# The problem:
Your task is to output the listing exactly, leaving every image out.

##### Source data

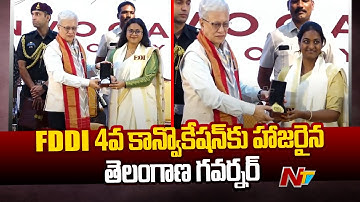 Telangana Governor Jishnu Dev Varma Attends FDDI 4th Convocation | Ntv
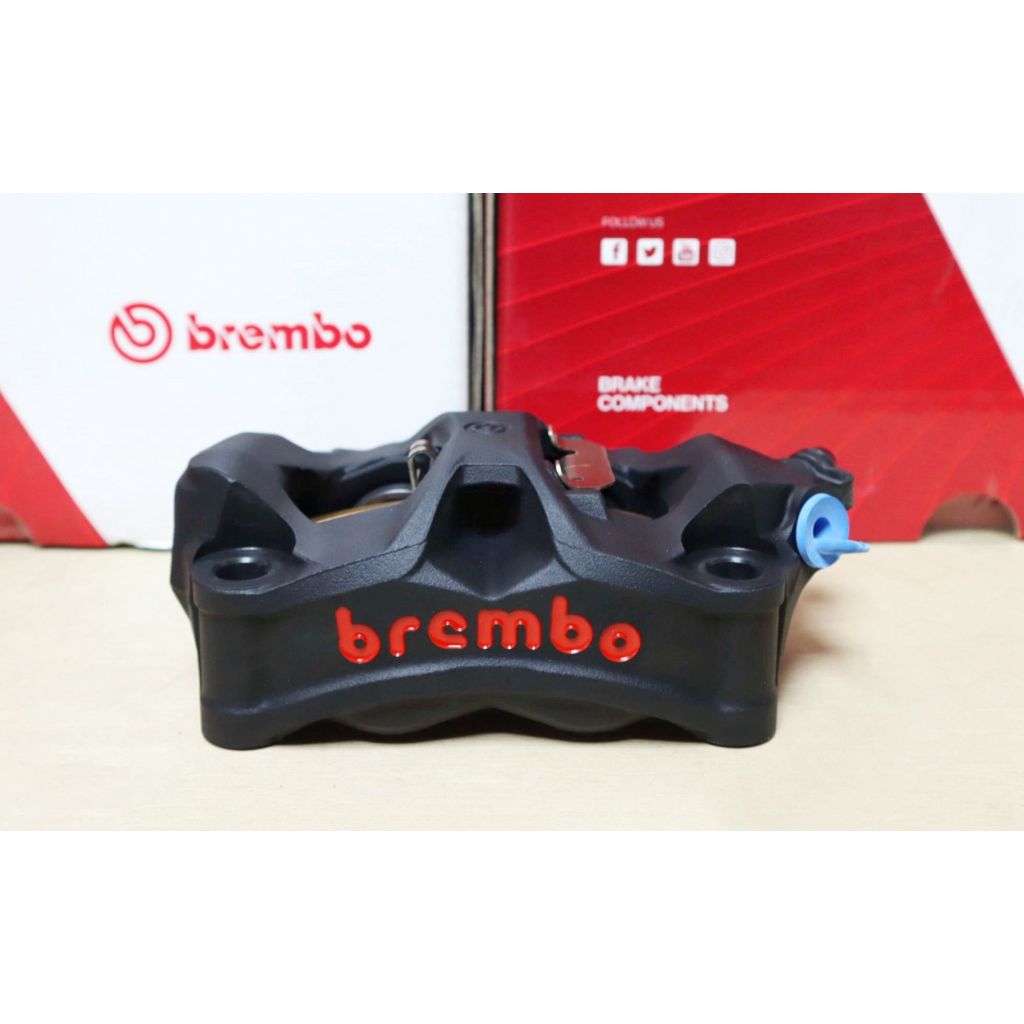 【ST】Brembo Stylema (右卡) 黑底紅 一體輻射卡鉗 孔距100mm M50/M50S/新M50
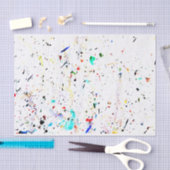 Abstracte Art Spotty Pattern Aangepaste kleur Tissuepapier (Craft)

##########

# Task answer:
 Telangana Governor Jishnu Dev Varma Attends FDDI 4th Convocation | Ntv
 【ST】Brembo Stylema (右卡) 黑底紅 一體輻射卡鉗 孔距100mm M50/M50S/新M50
 Abstracte Art Spotty Pattern Aangepaste kleur Tissuepapier (Craft)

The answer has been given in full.